Non-governmental organisations such as Human Rights Watch and Amnesty International made themselves look ridiculous earlier in the Iraq controversy by (in the first case) massively overreaching its competence in order to pronounce on the justification for war, and (in the second) complaining that the British government was publicising Saddam’s human rights abuses. But they – and more particularly the Red Cross, whose warnings were plainly not treated with the weight they merited – have an important role to play now. It is essential that the US administration order a formal system of inspections of detention centres, in which the NGOs should be involved, establish a code of rights for prisoners, and provide for judicial review in cases of terrorist suspects.
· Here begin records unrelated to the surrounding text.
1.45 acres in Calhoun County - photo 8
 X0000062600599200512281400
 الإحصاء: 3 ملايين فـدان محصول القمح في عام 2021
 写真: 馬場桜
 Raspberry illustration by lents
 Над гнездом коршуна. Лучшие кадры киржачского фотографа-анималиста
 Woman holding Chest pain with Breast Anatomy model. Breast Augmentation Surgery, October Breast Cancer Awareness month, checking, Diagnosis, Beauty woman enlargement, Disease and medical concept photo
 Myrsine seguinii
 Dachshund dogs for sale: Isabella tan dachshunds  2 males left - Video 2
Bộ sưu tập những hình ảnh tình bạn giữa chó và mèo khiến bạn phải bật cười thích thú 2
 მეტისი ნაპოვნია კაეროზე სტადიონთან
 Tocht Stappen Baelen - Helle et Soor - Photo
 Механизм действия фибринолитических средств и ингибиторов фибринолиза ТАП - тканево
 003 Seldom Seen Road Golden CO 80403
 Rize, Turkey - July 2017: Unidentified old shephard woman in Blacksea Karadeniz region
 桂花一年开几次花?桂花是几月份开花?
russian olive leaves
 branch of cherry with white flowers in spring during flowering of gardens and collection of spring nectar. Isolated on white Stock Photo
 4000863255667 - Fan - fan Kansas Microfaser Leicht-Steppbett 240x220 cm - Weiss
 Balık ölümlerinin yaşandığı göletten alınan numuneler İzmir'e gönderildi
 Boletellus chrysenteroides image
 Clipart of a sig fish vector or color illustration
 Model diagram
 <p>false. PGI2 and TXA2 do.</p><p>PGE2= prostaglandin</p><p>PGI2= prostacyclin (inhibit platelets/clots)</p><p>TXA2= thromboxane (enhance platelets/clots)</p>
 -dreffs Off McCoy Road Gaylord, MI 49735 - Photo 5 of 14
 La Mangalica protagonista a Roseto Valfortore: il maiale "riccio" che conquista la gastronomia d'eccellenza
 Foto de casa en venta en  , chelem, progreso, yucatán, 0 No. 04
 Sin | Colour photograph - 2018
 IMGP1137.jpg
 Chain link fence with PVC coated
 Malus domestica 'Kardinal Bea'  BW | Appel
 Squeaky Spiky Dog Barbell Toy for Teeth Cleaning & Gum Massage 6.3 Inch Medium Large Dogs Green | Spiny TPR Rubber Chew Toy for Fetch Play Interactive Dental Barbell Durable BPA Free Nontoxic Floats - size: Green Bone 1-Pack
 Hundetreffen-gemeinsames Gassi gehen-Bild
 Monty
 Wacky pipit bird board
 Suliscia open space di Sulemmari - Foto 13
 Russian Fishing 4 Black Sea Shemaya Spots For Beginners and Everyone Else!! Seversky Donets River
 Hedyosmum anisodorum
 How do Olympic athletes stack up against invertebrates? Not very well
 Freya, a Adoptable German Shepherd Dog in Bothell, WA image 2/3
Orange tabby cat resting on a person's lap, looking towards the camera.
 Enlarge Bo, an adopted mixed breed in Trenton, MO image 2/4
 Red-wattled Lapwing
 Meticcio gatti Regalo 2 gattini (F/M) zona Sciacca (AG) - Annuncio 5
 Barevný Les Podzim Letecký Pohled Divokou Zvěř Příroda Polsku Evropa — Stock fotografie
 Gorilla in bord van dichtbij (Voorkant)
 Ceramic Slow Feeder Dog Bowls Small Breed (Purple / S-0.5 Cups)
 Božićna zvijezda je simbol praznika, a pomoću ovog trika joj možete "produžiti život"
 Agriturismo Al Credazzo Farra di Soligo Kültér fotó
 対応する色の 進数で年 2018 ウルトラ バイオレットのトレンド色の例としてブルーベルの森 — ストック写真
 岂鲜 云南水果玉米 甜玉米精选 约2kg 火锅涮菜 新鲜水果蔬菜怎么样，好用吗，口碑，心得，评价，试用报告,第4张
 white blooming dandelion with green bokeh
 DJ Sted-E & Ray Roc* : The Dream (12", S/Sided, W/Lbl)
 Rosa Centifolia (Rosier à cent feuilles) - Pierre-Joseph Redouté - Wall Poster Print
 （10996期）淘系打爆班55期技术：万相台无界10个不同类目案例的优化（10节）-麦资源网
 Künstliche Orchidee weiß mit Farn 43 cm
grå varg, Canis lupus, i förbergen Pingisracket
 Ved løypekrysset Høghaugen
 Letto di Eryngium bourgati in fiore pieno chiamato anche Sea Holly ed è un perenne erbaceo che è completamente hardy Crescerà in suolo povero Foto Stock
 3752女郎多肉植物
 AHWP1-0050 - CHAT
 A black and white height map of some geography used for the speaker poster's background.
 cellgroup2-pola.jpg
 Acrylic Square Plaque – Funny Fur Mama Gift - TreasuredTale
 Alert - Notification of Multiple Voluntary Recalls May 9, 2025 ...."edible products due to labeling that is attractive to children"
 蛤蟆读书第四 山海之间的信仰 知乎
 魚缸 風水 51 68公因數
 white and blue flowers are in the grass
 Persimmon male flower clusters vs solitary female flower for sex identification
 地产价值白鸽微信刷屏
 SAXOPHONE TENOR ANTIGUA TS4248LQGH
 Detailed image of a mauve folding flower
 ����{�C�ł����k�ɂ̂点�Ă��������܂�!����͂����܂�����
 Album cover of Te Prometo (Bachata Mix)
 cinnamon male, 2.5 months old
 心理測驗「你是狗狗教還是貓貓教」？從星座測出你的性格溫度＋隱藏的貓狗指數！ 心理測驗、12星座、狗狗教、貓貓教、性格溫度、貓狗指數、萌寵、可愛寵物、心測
(I should add, in passing, an answer to one of my regular correspondents, who asked my position on the role of torture in interrogation. I do not agree with the view of Alan Dershowitz that we should consider bringing within the law the use of physical pressure on suspects. My objection is not morally absolutist but pragmatic. If we use torture, we will get confessions. In fact we will be inundated with confessions, whether or not the suspect is guilty of what he confesses to. On consequentialist grounds, the price paid for the occasional – and, in those circumstances, concealed – nugget of information will be far too high in the damage to the public legitimacy of our campaign and the brutalising of our society.)
This is not a justification for the school of Facile Civil-Libertarianism. The counterinsurgency war our side is fighting in Iraq is vital to our security and Iraqis’ liberty; the security measures we take at home are a price we have to pay for our own protection. But we are losing that war – not because the terrorist insurgents are inflicting massive damage on our forces, but because in important respects we have failed the people whose liberation we are responsible for, and the statesmen who courageously took the decision to overthrow Baathist totalitarianism by force have been severely damaged in public esteem.
I want those leaders – Blair, Bush and Howard/Downer – to continue governing. I admire their willingness to do what is right in spite of the resulting unpopularity. But their ability to communicate the principles of liberty is not high (though Blair is a partial exception), and we must fight on the ideological as well as military front. That front has been neglected - and we have suffered grievous setbacks.